Can a lack of diversity cost a company its key talent?

That’s a question confronting many tech firms as they make very public attempts to diversify their staff. Among those companies is Twitter, which recently issued its diversity data for 2015.

According to an August blog posting on the matter, Twitter has a multi-pronged strategy for increasing diversity in coming years, including recruiting at colleges with underrepresented talent, adjusting its internal recruiting efforts, and partnering with organizations devoted to increasing diversity.

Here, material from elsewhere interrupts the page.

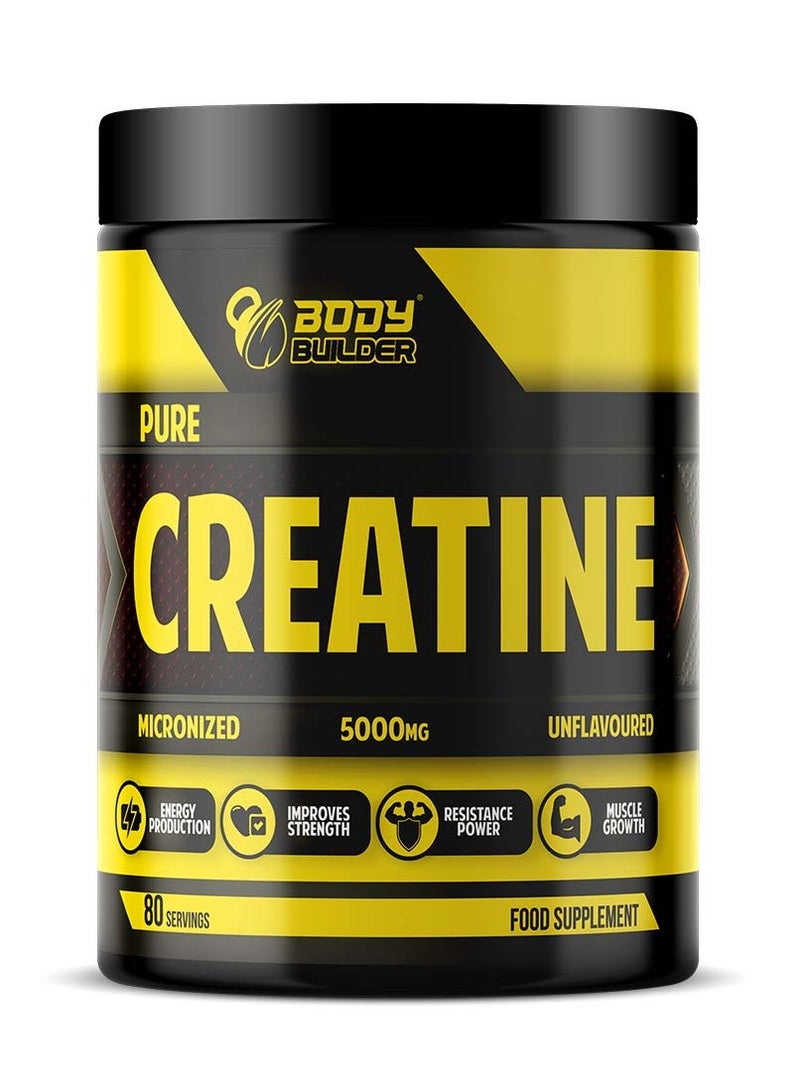 بودي بيلدر كرياتين أحادي الهيدرات - 80 حصة - 5 جرام كرياتين أحادي الهيدرات عالي النقاء - بدون نكهة - Image 1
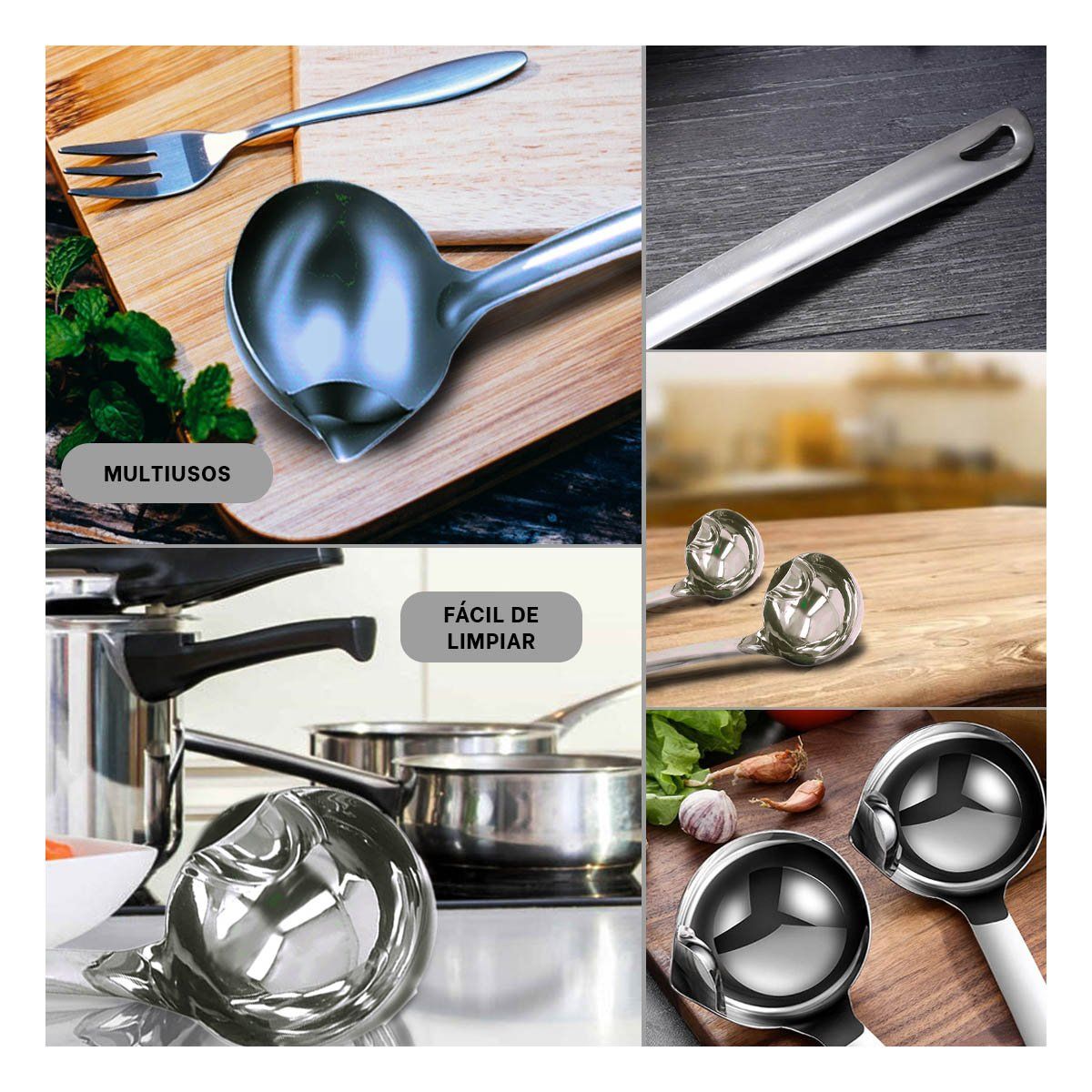 RYBIU IMPORT - Cucharon Practico para Uso Tono Plateado Y+Papel de Regalo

But for one Twitter engineer, those efforts haven’t been enough. “Leadership keeps citing the pipeline” of tech talent as a reason for the lack of diversity “when the data does not support it,” Leslie Miley, a manager and engineer at Twitter, wrote in a much-circulated Medium posting about his recent decision to leave the company. “They continue to churn out ethnic and racial minorities and women but still claim a commitment to diversity.”

Twitter’s reliance on certain schools and workplaces for sourcing talent, he added, made it possible for “a type of group think to dominate,” with “very little diversity in thought and almost no diversity in action.”

All that being said, Miley expressed hope that once-and-future Twitter CEO Jack Dorsey will figure out a way to further diversify the company’s internal makeup.

Despite much public handwringing over the diversity numbers at tech companies, data suggests that tech’s leadership remains overwhelmingly white and male, although the demographics shift a bit once you include all employees. It seems that tech firms have good reason to be concerned over the percentages; as Miley demonstrated, employee perceptions of a lack of diversity can lead to key employees leaving the company, which in turn can cause strategic issues.

3 Responses to “When Lack of Diversity Costs Talent”

  1. “Diversity” is meaningless political/marketing fol de rol.

    It is pushed by those who are full of self-hate, ethno-masochists to be exact. It’s inviting people from cultures almost totally incompatible with the host culture. Nothing good will result.

    How about hiring people who are qualified, instead of those with differing hues of pigmentation, much less, very different cultural/religion and political views?

  2. Uncle Alby

    Diversity adds to an organization’s culture.

    Unfortunately, it does nothing for the bottom line.

    Companies need to hire for skills, not skin color or birthplace. If you can do the job and you’re lily-white or if you’re chocolate-brown fine.

    If you discriminate based either on diversity or lack thereof, you are going to turn away talent. It doesn’t matter whether you’re trying to get everybody the same color, or trying to get one of everything, like a box of crayons. You need to hire based on talent, and let the chips fall where they may.

  3. @Uncle Alby: you might find this one an interesting read: http://www.pnas.org/content/101/46/16385.full

    When you actually do research on it, you find that diversity, in fact, does increase the bottom line by a significant amount because diversity of gender, race, thought and background tends to lead to more, better ideas and decisions, whereas similarity typically leads to everyone having similar thought processes.